C'est le cas de Guezani. Le jeune homme a d'abord travaillé comme menuisier, à 10 dinars (3 euros) la journée, mais le travail six jours sur sept l'empêchait de contribuer aux tâches de la maison et la maigre rétribution ne lui permettait pas de faire vivre sa famille, alors que son père est aveugle, et ses deux frères au chômage. Il décide alors d'investir dans d'une petite « barwita », un petit étal mobile, qui lui permet de vendre des fruits et légumes dans la rue. « Il tentait de s'en sortir, d'avoir sa propre affaire », explique Aliya, sa mère. Un jour, la municipalité débarque et confisque son stock et son commerce. « Ça a été dur pour mon fils.

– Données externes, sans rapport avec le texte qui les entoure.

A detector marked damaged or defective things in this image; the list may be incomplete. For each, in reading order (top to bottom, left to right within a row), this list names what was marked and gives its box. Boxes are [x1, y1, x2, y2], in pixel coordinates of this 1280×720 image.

Il pleurait. Toutes les issues, on les fermait devant lui », ajoute-t-elle.

Dans la cour de la maison familiale, Aliya Guezani, présente le fauteuil roulant de son fils. Au regard du sérieux de ses blessures, Mohamed Guezani ne peut pas utiliser ce fauteuil roulant et doit rester allonger sur son lit 24 heures sur 24. (Photo de Sebastian Castelier/VICE News)

« L'immolation devient un moyen comme un autre de se suicider. Cette normalisation fait craindre que petit à petit, cela ne s'enracine », s'inquiète le docteur Ben Khelil. Guezani, qui dit avoir choisi de s'asperger d'essence à défaut de trouver où accrocher sa corde, a fait les frais de cette banalisation de l'immolation comme moyen possible de se suicider. Un choix qu'il regrette amèrement : « Je ne conseille à aucune personne de faire ce que j'ai fait. Parce que ça fait vraiment mal. Et mieux vaut mourir que d'être dans cette situation. Si quelqu'un veut se suicider qu'il trouve une autre solution. »

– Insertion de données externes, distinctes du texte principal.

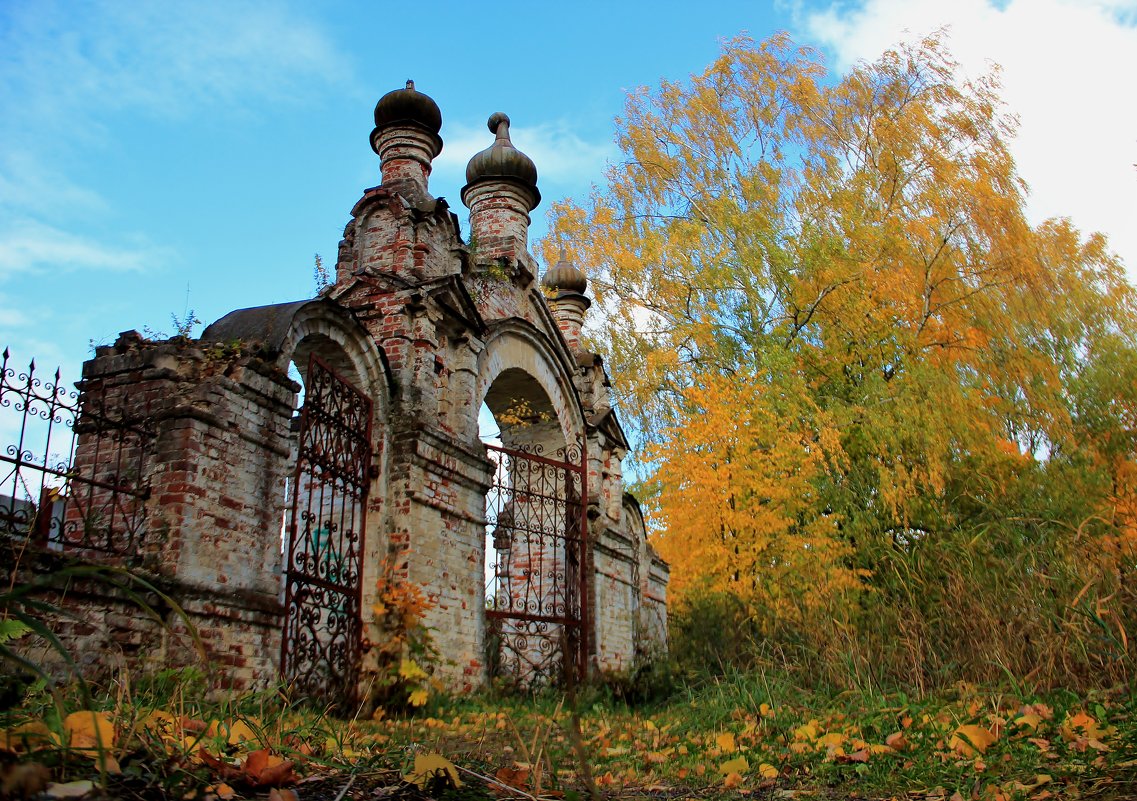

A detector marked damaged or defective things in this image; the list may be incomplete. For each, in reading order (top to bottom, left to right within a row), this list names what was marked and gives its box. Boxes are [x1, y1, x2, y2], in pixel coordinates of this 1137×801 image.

rusty metal gate [280, 357, 372, 705]
rusty metal gate [482, 441, 586, 687]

Aliya Guezani, 49 ans, donne de l'eau a son fils, Mohamed Guezani, 24 ans, dans leur maison du quartier d'El Menchia, Kairouan, Tunisie. (Photo de Sebastian Castelier/VICE News)

Amen Allah Messadi, chef du service de réanimation au Centre de traumatologie et des grands brûlés de Ben Arous, un service à vocation nationale qui centralise et soigne tous les cas de brûlés graves, se montre plus sévère et a admis en 2016 104 immolations sur 323 cas, soit pratiquement le tiers des admissions. Le docteur, qui n'en peut plus de voir affluer les cas critiques, souligne également le mauvais traitement du phénomène par les médias, estimant que l'aspect spectaculaire joue encore un rôle prépondérant dans le passage à l'acte : « Passer des images de quelqu'un qui est en train de s'immoler au 20 heures, et ne pas revenir derrière pour dire qu'il est mort ou qu'il est resté complètement amputé, ça ne rend pas service à la société. Arrêtons de mettre de l'huile sur le feu. »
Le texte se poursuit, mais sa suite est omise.